Becalmed – HMS Victory in the Doldrums by Ivan Berryman.
Two of Admiral Horatio Nelson’s ships lie becalmed together, bathed in the soft glow of the setting sun. The 74-gun HMS Captain basks ahead of the mighty HMS Victory, the ship that would ultimately lead the British fleet into battle against the combined might of the Spanish and French fleets at Trafalgar in 1805.
At the time of the renewed outbreak of war in 1803, however, the Royal Navy was also a highly professional force. It was (in contrast to the army) in the hands of the educated sons of gentlemen of modest means, like Nelson. Relations between officers and men were, particularly under Nelson, generally excellent. At the top Pitt had appointed, as First Lord, Admiral Sir John Jervis, who had taken his new title of St Vincent from the battle which had saved England in 1797. A close second only to Nelson, it was ‘Jarvie’ to whom Britain owed most for her survival, then victory, at sea. Already aged sixty-nine in 1803, he had joined the navy the week of his fourteenth birthday, and by the time he was twenty-four he had witnessed Wolfe’s assault at Quebec, in command of the Porcupine. He was a square, oak-like, small figure, but with twinkling eyes, a man of irresistibly forceful personality, and with a dread reputation as a most stern disciplinarian. It was reputed that he had once administered a dozen lashes to a captain of the maintop who had failed to uncover during ‘God Save the King’.
During the alarming mutinies in Spithead and the Nore of 1797, which could have devastated the fleet had they spread, St Vincent (then Commander-in-Chief, Mediterranean) had had to act with extreme measures. On the Marlborough, a ‘very bad ship’, he ordered a mutineer to be hanged from the yard-arm by his own shipmates; a launch with a ‘smashing carronade’ was sent alongside to blow the ship out of the water in case the order was refused. In another ship under his command, two homosexuals were hanged for their ‘unnatural crime’. Four mutineers were ordered to be hanged immediately, but, as it was a Sunday, St Vincent’s second-in-command, Vice-Admiral Thompson, proposed a delay. He was promptly sacked. The word went round: ‘If old Jarvie hears ye, he will have you dingle-dangle from the yard arm at eight o’clock tomorrow morning.’ Yet, though severe, ‘Jarvie’ was not a cruel man, and was respected both for his rigid sense of justice and for his hatred of unfairness. Like Montgomery in a later world war – and though quite out of phase with his own times – he was much harder on the officers than on the men; and he was correspondingly loved for it.

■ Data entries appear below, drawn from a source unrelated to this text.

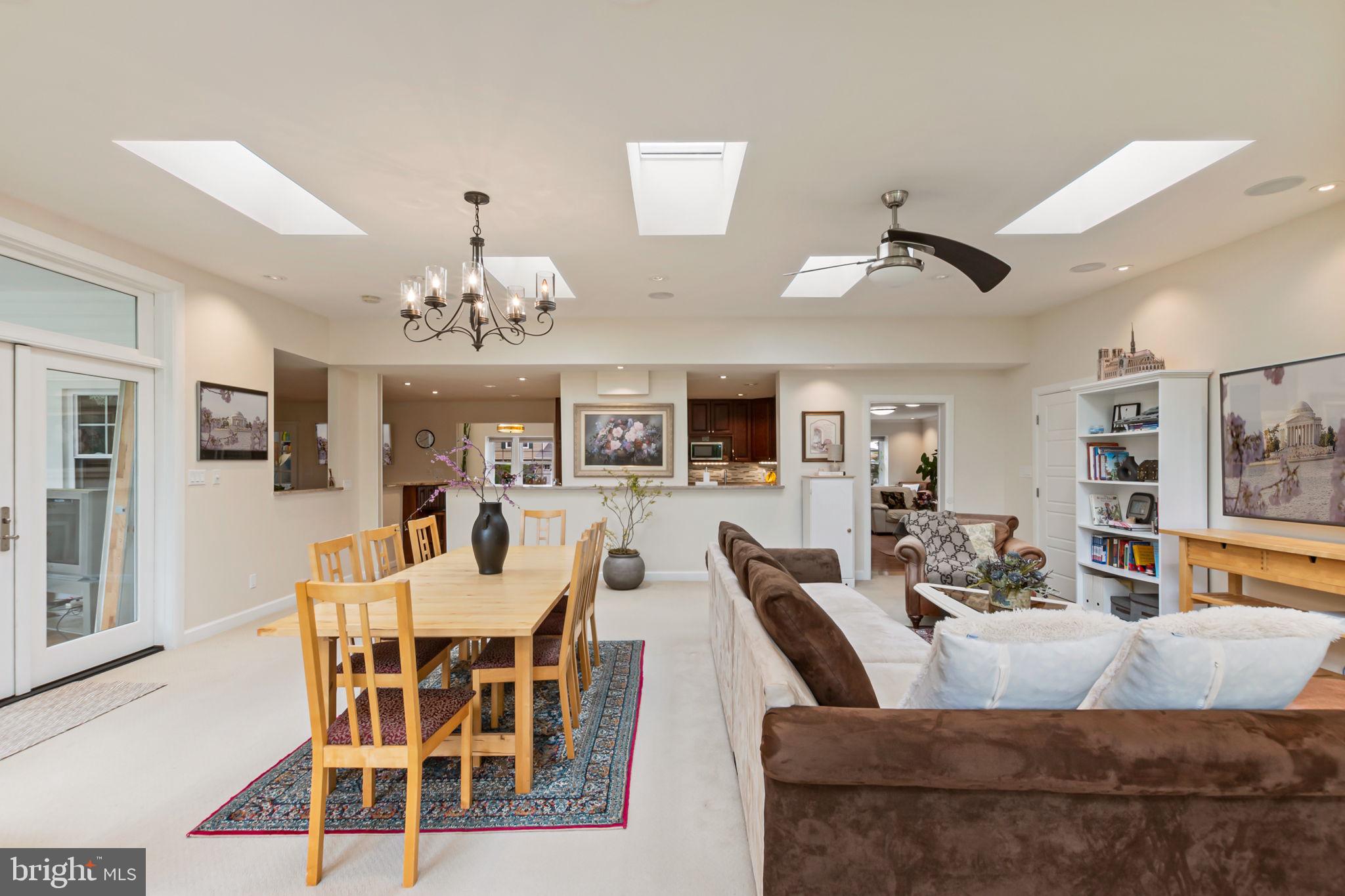 13157 Morning Spring Lane Fairfax, VA 22033 - Photo 10 of 52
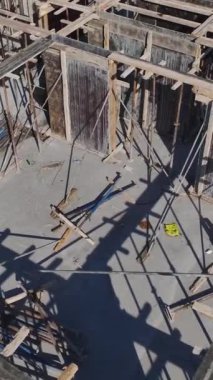 Beton ve duvar çalışmaları devam ediyor. Canlı ve detaylı bir inşaat ortamının hava görüntüleri..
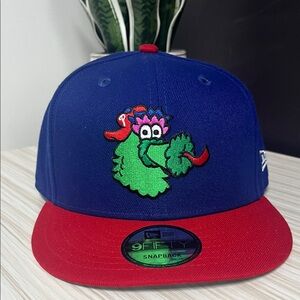 New Era Blue & Red Phillies Phanatic Patch Snapback!! NWOT!!❤️💙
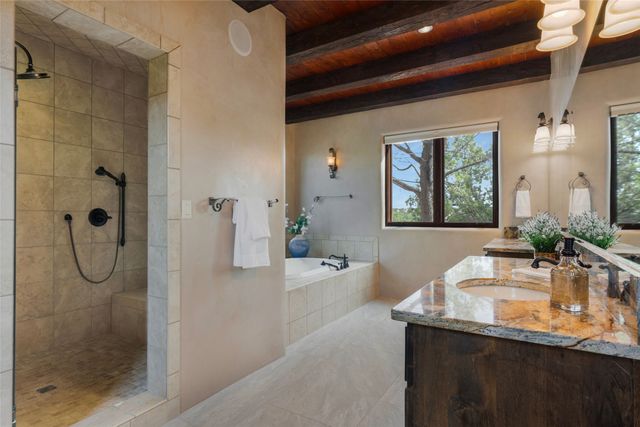 24 Calle Ventoso W, Santa Fe, NM 87506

Having suffered a crushing blow during the ‘Terror’, when the guillotine had almost wiped out its officer corps, the French Navy had never really recovered. The quality of the French ships was often superior to that of the ageing British vessels, worn out by years of service (Nelson’s Victory, for instance, had been laid down in the 1760s), but discipline on board ship was poor. Perhaps more than to any other factor, the ability of British ships to stay at sea, and endure longer than the French – which would eventually decide the war – could be ascribed to that fierce, almost inhuman, discipline maintained by St Vincent. Under him, too, far-reaching reforms of pay and conditions were also carried out. When commanding the Mediterranean Fleet, he found more than one of his exhausted men-of-war to be worn out by nonstop operations: ‘altogether in such a crazy and infirm state, as to be totally incapable of a passage back to England’. After the period of the ‘Phoney Peace’ in 1802, Addington had imposed certain ill-chosen economies, and the navy’s ships were in a terrible state when St Vincent took over as First Sea Lord; but somehow he was able to transform its ‘hulks of dubious wood and canvas into a fighting fleet’ – and just in time to meet Napoleon’s greatest threat to England. An unflappable figure, it was ‘Jarvie’ who, during the 1803 invasion scare, had declared challengingly, ‘I don’t say the French can’t come. I say they can’t come by sea.’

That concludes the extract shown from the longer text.